For most people, MS starts with a relapsing-remitting course, in which episodes of worsening function (relapses) are followed by recovery periods (remissions). These remissions may not be complete and may leave patients with some degree of residual disability. Many, but not all, patients with MS experience some degree of persistent disability that gradually worsens over time. In some patients, disability may progress independent of relapses, a process termed secondary progressive multiple sclerosis (SPMS). In the first few years of this process, many patients continue to experience relapses, a phase of the disease described as active SPMS. Active SPMS is one of the relapsing forms of MS, and drugs approved for the treatment of relapsing forms of MS can be used to treat active SPMS. Later, many patients with SPMS stop experiencing new relapses, but disability continues to progress, a phase called non-active SPMS.
The efficacy of Mayzent was shown in a clinical trial of 1,651 patients that compared Mayzent to placebo in patients with SPMS who had evidence of disability progression in the prior two years and no relapses in the three months prior to enrollment. The primary endpoint of the study was the time to three-month confirmed progression in disability. The fraction of patients with confirmed progression of disability was statistically significantly lower in the Mayzent group than in the placebo group. Mayzent also decreased the number of relapses experienced by these patients. In the subgroup of patients with non-active SPMS, the results were not statistically significant.

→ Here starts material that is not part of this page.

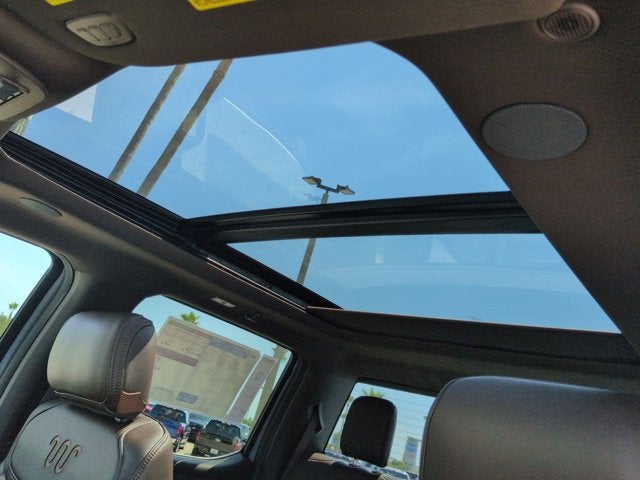 2026 Ford Super Duty F-350 DRW F-350® King Ranch®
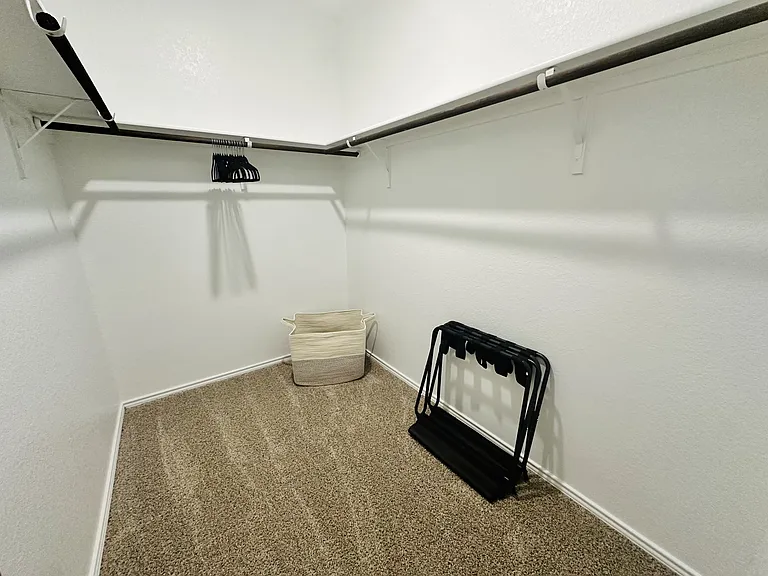 4415 Kiowa Pass — Photo 12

Mayzent must be dispensed with a patient Medication Guide that describes important information about the drug’s uses and risks. Mayzent may increase the risk of infections, so patients should have a complete blood count taken before treatment is initiated. The drug may cause macular edema, so patients should contact their physician if they experience a change in vision. Mayzent may cause transient decreases in heart rate and may cause a decline in lung function. Liver enzymes should be checked before initiation of the drug and health care professionals should closely monitor patients with severe liver impairment. Health care professionals should monitor the patient’s blood pressure during treatment. Women of childbearing potential should use effective contraception during and for 10 days after stopping the drug due to the potential risk of fetal harm. Health care professionals should monitor patients for posterior reversible encephalopathy syndrome and monitor patients that had treatment with immunosuppressive/immune-modulating therapies because there may be unintended additive immunosuppression with Mayzent.
The most common adverse reactions reported by patients receiving Mayzent in the clinical trials include headache, high blood pressure and liver function test increases.
The FDA granted approval of Mayzent to Novartis.